The pandemic has also created 40 new pharma billionaires. Pharmaceutical corporations like Moderna and Pfizer are making $1,000 profit every second just from their monopoly control of the COVID-19 vaccine, despite its development having been supported by billions of dollars in public investments. They are charging governments up to 24 times more than the potential cost of generic production. Meanwhile, 87% of people in low-income countries have still not been fully vaccinated.

“The extremely rich and powerful are profiting from pain and suffering. This is unconscionable. Some have grown rich by denying billions of people access to vaccines, others by exploiting rising food and energy prices. They are paying out massive bonuses and dividends while paying as little tax as possible.
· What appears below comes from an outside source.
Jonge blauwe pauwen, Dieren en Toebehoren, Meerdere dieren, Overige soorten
This rising wealth and rising poverty are two sides of the same coin, proof that our economic system is functioning exactly how the rich and powerful designed it to do.
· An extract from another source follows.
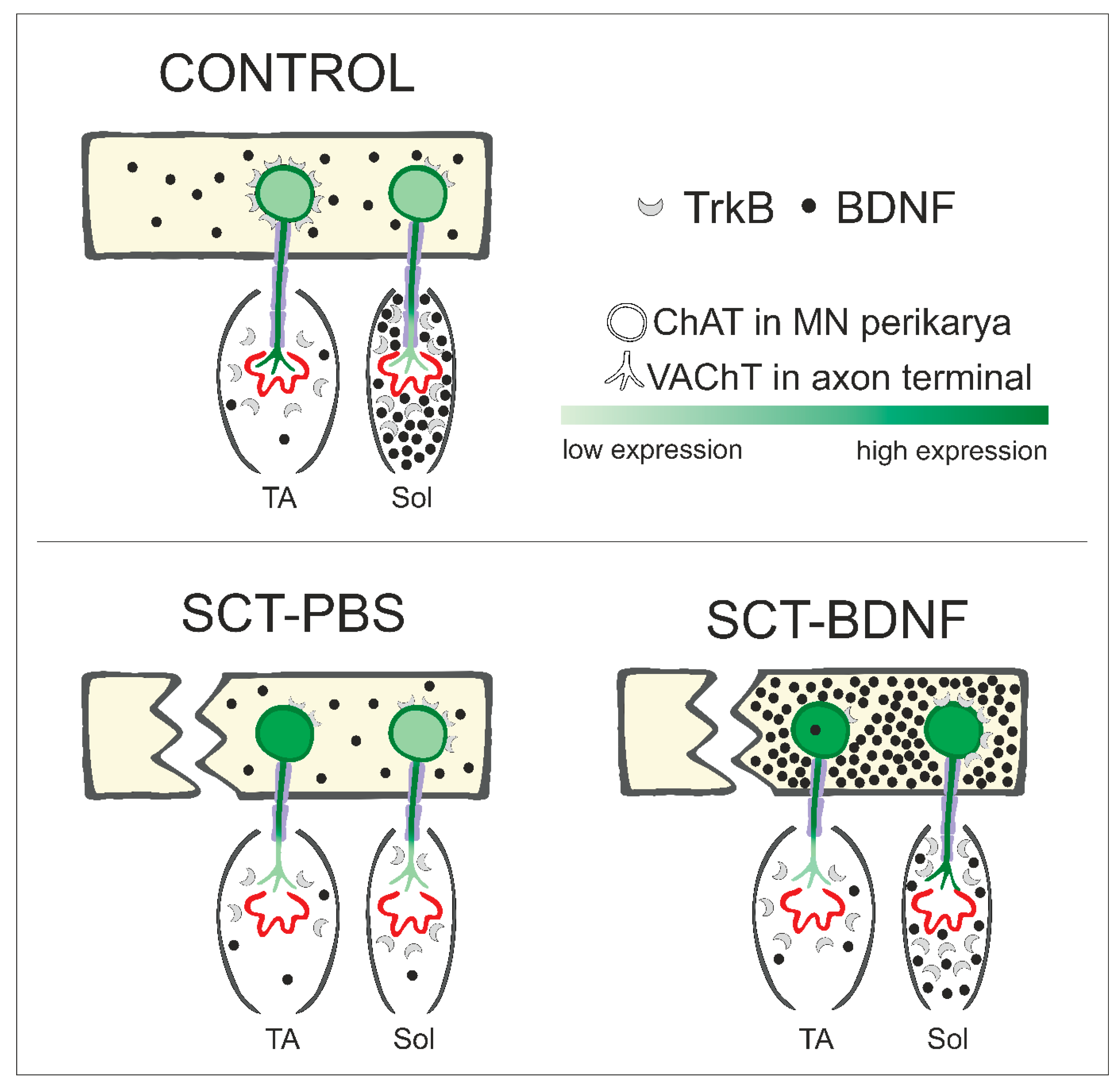 Biomedicines 10 02851 g007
We need governments to start tackling this catastrophe by implementing the most common sense, transformational solution we have: by taxing extreme wealth, taxing big corporations,” Ms Morgain said.
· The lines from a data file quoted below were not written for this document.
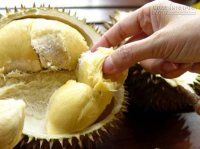 Mẹo phân biệt sầu riêng chín cây và chín do hóa chất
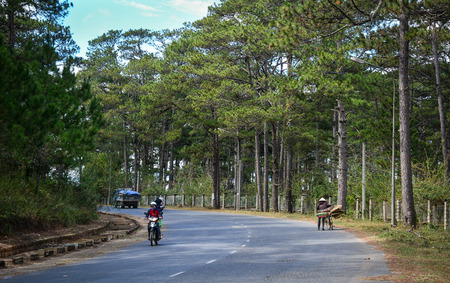Dalat, Vietnam - Jan 25, 2016. Mountain road in Dalat, Vietnam. Dalat is located 1,500 m above sea level on the Langbian Plateau in the southern parts of Central Highlands.のeditorial素材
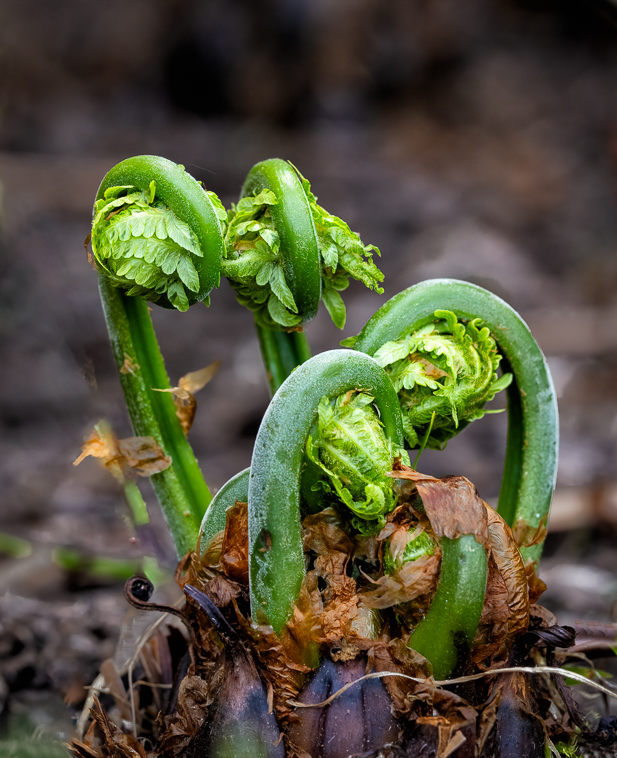 Fern Buds by R Gary Butler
Oxfam recommends that governments urgently:

  • Introduce one-off solidarity taxes on billionaires’ pandemic windfalls to fund support for people facing rising food and energy costs and a fair and sustainable recovery from COVID-19. Argentina adopted a one-off special levy dubbed the ‘millionaire’s tax’ and is now considering introducing a windfall tax on energy profits as well as a tax on undeclared assets held overseas to repay IMF debt. The super-rich have stashed nearly $8 trillion in tax havens.
  • End crisis profiteering by introducing a temporary excess profit tax of 90%to capture the windfall profits of big corporations across all industries. Oxfam estimated that such a tax on just 32 super-profitable multinational companies could have generated $104 billion in revenue in 2020.
  • Introduce permanent wealth taxes to rein in extreme wealth and monopoly power, as well as the outsized carbon emissions of the super-rich. An annual wealth tax on millionaires starting at just 2% on wealth over $5 million, and 5% on billionaires, could generate $2.52 trillion a year — enough to lift 2.3 billion people out of poverty, make enough vaccines for the world, and deliver universal healthcare and social protection for everyone living in low- and lower middle-income countries.